Mas esta mania de ouvir conversas alheias não é de agora. No fundo, todos temos este espírito de voyeur em relação às vidas que nos passam debaixo das barbas, todos os dias. É impossível não ouvir os desabafos de uma jovem, ao telemóvel com uma amiga. Sobre as agruras da vida, numa mesa de café. Sobre os problemas que o Ti Manuel tem tido com uns terrenos, e por causa do tempo (ai, o malfadado tempo, que agora está de chuva).

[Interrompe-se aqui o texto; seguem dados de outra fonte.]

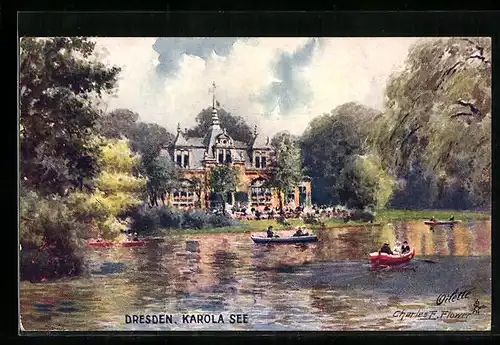 Künstler-AK Charles F. Flower: Dresden, Karola See mit Restaurant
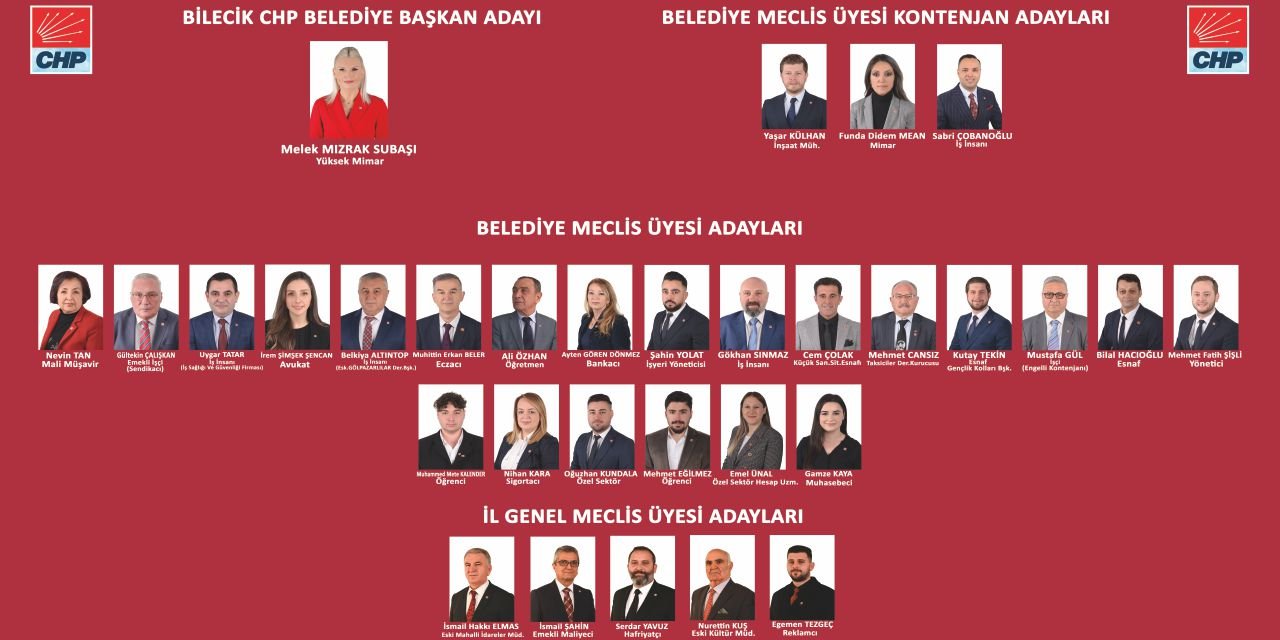 CHP Bilecik Belediye Meclisi ve İl Genel Meclisi Listesi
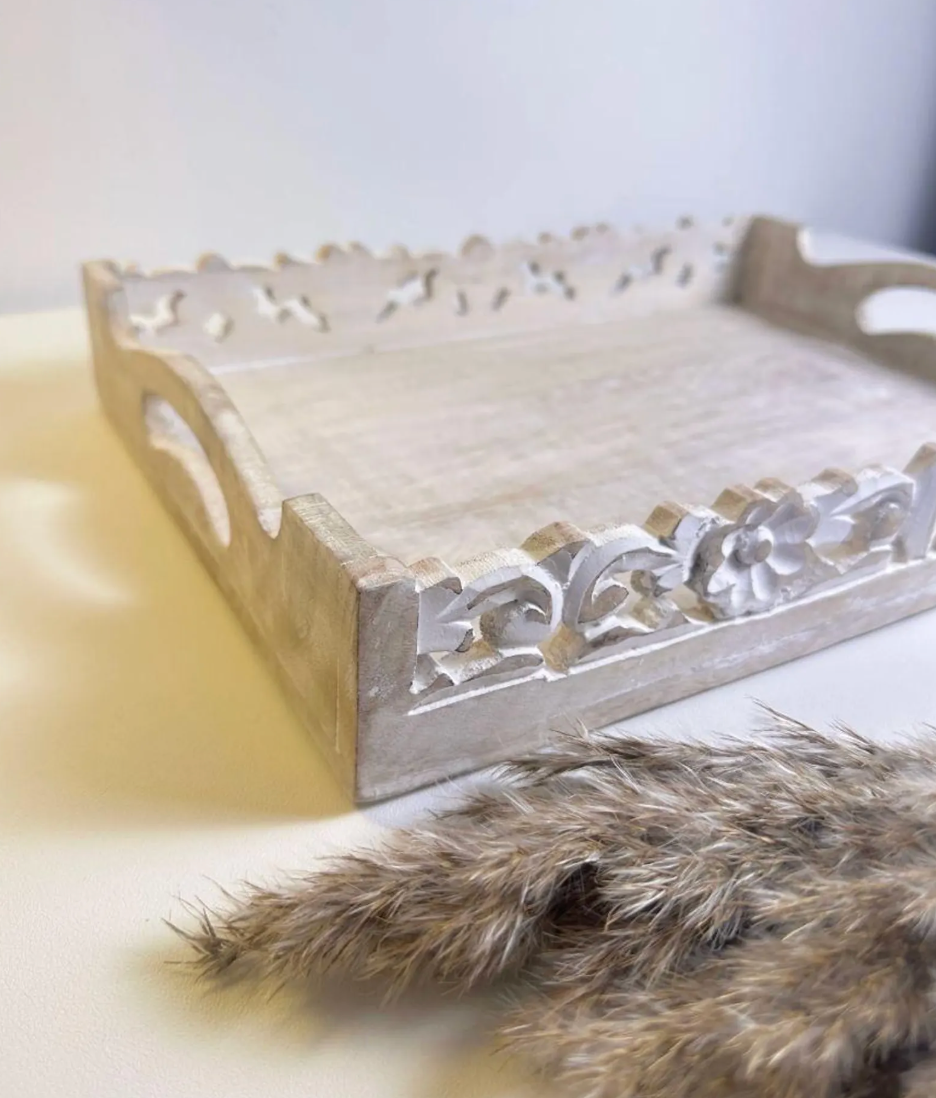 Boho Handmade Decorative Serving Wooden Tray Whitewashed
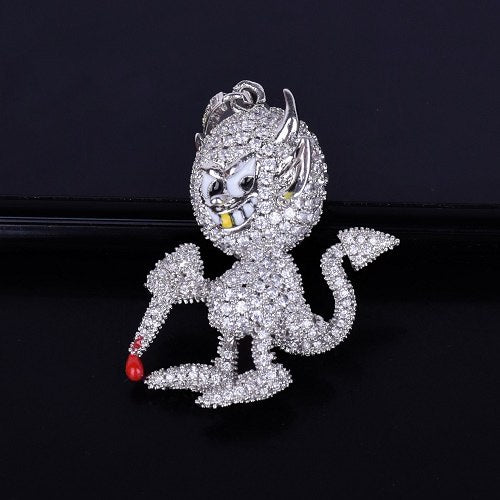 18k Gold .925 Silver Hip Hop Little Demon Devil AAA True Micro Pave Flooded Ice Pendant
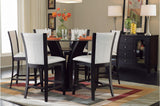 Daisy Espresso Black Solid Wood Faux Leather Seat Glass Top Round Counter Height Dining Room Set - Ella Furniture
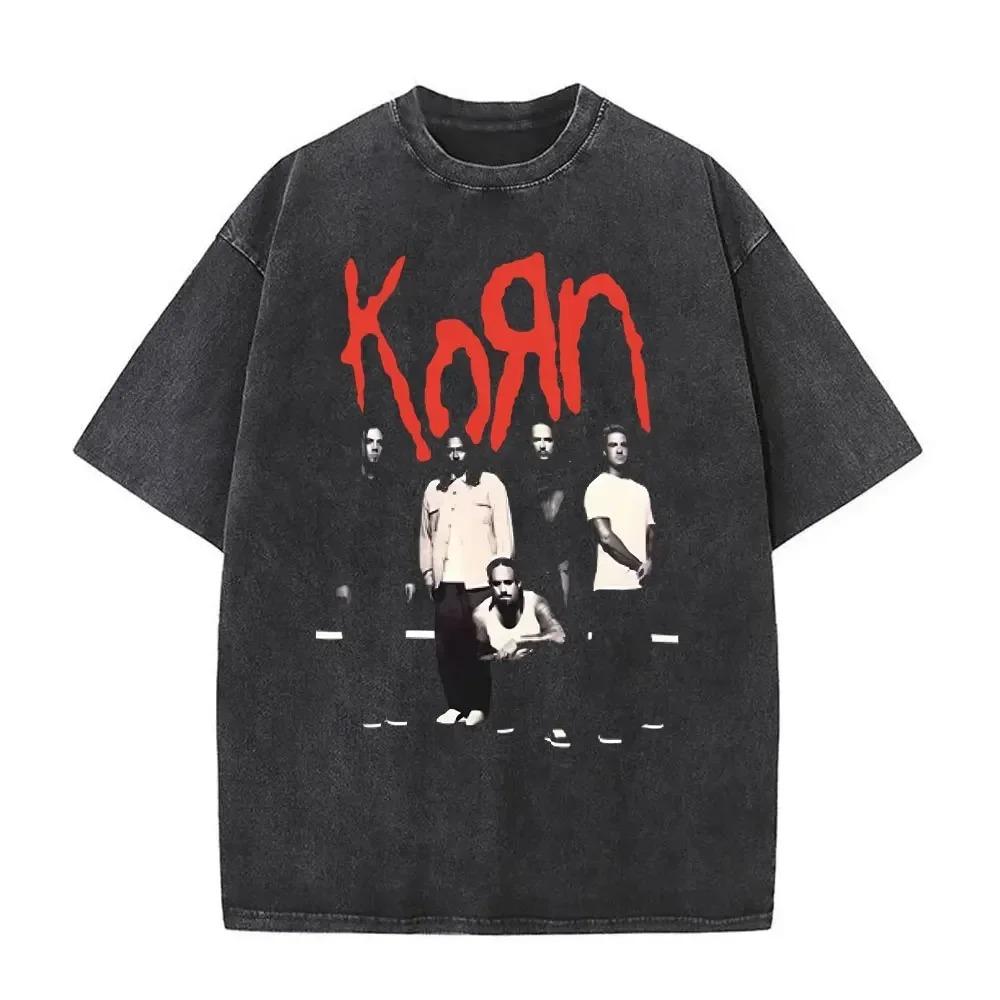 Korn TShirt  DoubleSided Dark NuMetal Emblem Theme (Vintage Washed Distressed Gothic Skull  Wing Aesthetic) Tshirts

Certa vez, até, eu e todo o 305, no Porto, não podemos deixar de ouvir a fantástica história de uma senhora que recebeu, de um aparente fã, uma lingerie “branquinha, branquinha”. O que mais impressionava a senhora, e os companheiros de viagem, nos quais eu me incluía, era o facto de, com um simples golpe de olho, o tal admirador ter acertado na copa do sutiã e tudo.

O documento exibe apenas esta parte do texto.